Instructions for the task | Only the lines below from the one containing "Fiji Masi Tapa" to the one containing "Disney plushies Lion King and House of Mouse" should be repeated, both included and unchanged.

Data shown START

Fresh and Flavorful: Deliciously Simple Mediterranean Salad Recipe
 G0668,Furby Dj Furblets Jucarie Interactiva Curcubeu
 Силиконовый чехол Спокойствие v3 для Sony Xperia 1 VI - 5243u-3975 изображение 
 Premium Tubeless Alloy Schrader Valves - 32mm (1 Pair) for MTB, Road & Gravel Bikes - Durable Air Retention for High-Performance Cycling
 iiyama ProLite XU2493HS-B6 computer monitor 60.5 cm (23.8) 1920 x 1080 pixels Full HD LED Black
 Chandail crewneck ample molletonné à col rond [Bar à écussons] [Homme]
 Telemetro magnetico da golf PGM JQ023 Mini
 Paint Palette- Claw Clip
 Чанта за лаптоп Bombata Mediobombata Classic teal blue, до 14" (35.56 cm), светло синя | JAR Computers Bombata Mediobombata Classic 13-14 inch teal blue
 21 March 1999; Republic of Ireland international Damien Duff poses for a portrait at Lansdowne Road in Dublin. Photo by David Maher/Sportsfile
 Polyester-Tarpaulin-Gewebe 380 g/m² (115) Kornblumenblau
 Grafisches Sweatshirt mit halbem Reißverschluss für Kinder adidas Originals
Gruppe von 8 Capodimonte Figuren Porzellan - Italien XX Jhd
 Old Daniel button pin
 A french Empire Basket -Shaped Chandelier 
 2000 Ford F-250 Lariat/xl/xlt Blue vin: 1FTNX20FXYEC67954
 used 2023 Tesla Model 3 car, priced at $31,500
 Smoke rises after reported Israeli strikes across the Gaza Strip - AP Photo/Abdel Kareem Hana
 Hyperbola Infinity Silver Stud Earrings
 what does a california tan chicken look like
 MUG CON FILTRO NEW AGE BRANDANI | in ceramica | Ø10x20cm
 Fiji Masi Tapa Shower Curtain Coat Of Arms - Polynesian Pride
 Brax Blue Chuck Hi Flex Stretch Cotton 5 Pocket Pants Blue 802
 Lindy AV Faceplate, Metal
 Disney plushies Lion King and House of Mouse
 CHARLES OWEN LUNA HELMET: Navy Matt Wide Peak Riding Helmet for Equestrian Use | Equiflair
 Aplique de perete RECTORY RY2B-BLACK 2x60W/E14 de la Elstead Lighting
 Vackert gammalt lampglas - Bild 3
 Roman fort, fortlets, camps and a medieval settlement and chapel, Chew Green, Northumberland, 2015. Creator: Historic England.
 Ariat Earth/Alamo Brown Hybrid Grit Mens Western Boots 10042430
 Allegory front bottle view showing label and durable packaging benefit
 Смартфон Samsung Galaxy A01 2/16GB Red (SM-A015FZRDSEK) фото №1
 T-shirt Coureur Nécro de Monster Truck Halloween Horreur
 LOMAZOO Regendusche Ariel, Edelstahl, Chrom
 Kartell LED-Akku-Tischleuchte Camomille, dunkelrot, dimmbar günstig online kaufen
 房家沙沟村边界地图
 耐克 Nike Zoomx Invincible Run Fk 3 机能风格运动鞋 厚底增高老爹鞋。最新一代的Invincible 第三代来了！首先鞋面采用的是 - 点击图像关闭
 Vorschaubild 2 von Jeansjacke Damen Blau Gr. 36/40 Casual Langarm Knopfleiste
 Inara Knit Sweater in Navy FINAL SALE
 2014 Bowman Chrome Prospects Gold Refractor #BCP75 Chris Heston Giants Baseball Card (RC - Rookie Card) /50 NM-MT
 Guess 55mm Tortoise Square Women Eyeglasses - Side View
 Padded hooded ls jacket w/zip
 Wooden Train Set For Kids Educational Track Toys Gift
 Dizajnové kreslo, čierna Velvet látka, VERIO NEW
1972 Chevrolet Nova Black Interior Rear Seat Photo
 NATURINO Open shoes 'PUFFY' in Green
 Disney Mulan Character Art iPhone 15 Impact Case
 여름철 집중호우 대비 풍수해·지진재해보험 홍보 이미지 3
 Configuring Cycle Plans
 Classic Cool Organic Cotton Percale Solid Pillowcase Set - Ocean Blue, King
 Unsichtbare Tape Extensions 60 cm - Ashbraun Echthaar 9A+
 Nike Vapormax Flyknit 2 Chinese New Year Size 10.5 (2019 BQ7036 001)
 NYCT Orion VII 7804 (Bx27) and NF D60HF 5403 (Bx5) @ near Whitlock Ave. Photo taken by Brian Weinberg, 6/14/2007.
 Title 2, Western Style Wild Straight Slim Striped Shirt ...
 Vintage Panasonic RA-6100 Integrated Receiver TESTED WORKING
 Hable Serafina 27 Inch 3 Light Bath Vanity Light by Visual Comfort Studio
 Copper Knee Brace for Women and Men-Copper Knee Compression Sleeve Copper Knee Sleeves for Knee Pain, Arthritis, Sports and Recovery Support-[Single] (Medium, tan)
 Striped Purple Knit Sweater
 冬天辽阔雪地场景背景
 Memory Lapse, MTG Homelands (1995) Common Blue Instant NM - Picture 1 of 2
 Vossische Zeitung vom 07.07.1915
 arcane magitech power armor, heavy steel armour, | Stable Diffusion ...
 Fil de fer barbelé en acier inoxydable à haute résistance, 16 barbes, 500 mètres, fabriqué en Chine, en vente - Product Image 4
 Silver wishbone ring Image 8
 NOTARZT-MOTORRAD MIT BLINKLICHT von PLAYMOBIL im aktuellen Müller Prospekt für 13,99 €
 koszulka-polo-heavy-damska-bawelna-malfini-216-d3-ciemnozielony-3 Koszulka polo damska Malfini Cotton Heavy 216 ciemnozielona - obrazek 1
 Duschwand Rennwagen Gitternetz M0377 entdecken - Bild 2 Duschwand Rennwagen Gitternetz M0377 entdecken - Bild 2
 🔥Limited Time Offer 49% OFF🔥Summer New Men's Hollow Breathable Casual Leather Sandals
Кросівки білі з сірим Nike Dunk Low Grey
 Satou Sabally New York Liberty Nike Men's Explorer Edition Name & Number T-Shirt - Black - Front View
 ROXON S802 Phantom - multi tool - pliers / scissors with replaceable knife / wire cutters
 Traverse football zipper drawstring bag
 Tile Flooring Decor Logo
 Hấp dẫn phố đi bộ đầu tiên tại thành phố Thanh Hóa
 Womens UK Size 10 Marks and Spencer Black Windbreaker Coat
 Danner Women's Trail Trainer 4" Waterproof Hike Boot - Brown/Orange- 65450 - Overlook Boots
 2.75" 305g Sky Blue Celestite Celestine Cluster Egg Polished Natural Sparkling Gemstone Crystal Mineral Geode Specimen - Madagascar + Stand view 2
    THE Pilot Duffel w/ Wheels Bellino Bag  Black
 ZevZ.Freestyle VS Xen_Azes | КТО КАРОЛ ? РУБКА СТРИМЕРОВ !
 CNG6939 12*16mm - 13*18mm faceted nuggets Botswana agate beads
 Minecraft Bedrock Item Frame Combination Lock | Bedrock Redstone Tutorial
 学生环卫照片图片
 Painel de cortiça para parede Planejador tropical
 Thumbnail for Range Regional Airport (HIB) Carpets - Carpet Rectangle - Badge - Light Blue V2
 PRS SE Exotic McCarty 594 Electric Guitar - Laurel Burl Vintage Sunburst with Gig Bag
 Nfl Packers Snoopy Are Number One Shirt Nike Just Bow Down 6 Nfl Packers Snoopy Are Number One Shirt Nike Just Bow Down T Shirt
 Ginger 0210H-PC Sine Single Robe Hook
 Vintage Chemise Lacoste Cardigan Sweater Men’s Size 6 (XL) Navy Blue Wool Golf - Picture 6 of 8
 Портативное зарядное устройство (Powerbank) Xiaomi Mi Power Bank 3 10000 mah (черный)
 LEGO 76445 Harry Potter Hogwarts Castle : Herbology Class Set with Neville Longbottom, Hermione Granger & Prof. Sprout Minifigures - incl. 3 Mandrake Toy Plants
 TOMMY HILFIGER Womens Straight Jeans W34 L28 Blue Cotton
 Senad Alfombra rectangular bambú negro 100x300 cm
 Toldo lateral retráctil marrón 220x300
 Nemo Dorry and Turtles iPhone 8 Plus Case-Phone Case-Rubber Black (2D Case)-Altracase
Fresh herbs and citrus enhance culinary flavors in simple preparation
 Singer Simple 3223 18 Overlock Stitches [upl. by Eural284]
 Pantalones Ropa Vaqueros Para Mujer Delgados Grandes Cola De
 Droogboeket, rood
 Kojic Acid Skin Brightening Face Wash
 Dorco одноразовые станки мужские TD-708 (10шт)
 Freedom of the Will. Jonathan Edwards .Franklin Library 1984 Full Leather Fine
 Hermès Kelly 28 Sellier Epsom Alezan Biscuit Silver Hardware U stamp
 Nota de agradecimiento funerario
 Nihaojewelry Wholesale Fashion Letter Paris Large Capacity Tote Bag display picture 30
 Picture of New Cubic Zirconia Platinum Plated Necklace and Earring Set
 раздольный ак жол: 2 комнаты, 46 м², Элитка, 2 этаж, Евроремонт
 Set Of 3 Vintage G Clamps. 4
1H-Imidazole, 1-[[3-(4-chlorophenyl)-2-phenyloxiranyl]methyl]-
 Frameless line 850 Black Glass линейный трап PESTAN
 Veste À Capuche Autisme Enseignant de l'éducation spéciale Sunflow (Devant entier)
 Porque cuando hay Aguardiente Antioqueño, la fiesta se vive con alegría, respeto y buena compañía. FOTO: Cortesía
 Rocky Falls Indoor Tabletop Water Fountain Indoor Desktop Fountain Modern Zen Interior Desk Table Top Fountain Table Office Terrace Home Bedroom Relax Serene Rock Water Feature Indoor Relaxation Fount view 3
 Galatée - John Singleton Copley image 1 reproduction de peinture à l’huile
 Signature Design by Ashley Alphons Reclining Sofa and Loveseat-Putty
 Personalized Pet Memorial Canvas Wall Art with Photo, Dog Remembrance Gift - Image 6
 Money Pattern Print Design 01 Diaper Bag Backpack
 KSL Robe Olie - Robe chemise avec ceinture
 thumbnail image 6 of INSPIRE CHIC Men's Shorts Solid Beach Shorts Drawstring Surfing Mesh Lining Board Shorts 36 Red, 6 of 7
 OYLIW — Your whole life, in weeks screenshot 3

Data shown END

Solution |
 Fiji Masi Tapa Shower Curtain Coat Of Arms - Polynesian Pride
 Brax Blue Chuck Hi Flex Stretch Cotton 5 Pocket Pants Blue 802
 Lindy AV Faceplate, Metal
 Disney plushies Lion King and House of Mouse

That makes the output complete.